The Public Provident Fund (PPF) is one of the most trusted long-term investment options in India.

It comes with a 15-year lock-in period, making it ideal for disciplined savings.

But here’s something many people don’t know—you don’t have to close your PPF account after 15 years.

You can actually continue it and keep earning interest.

What Happens After 15 Years?

Once your PPF account completes 15 years, you get two simple options.

You can either withdraw the full amount and close the account, or extend it for another 5 years.

There’s no limit on how many times you can extend it.

You can keep renewing it in blocks of 5 years as long as you want.

However, extension is not automatic.

If you want to continue investing, you must submit a request within one year of maturity.

Two Ways to Extend Your PPF Account

You can extend your PPF account in two different ways, depending on your financial goals.

With Contribution

In this option, you continue investing money into your PPF account.
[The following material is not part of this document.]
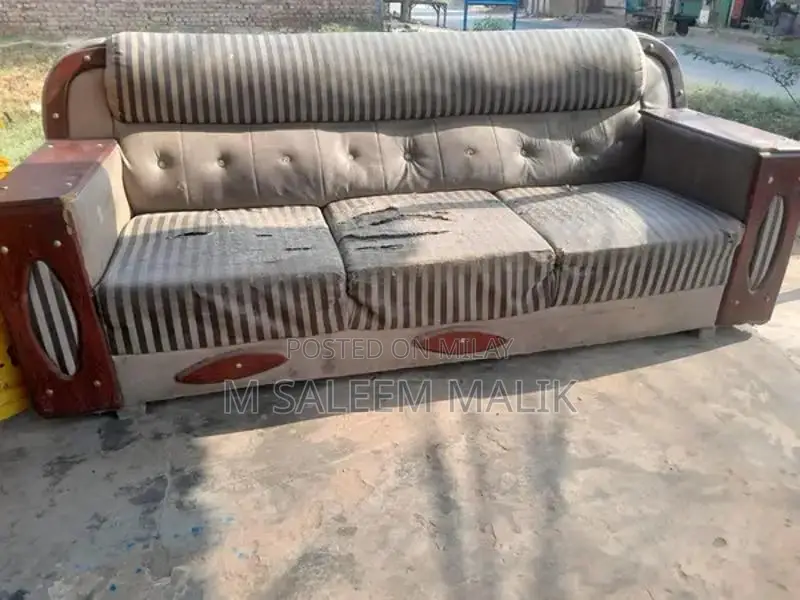 Sofa Set / 6 Seater Sofa Set For sale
Your deposits keep earning interest, helping your savings grow further over time.

Without Contribution

If you don’t want to invest more, you can still extend your account.

Your existing balance will continue to earn interest without any new deposits.

This is a good option if you want to let your savings grow passively.

Why Extending PPF is a Smart Move

PPF currently offers an interest rate of around 7.1% and comes with EEE (Exempt-Exempt-Exempt) tax benefits.

This means your investment, interest earned, and maturity amount are all tax-free.

Extending your PPF account allows you to keep earning safe and tax-free returns without taking any market risk.

For those who prefer stability and long-term growth, continuing PPF even after maturity can be a smart and reliable financial decision.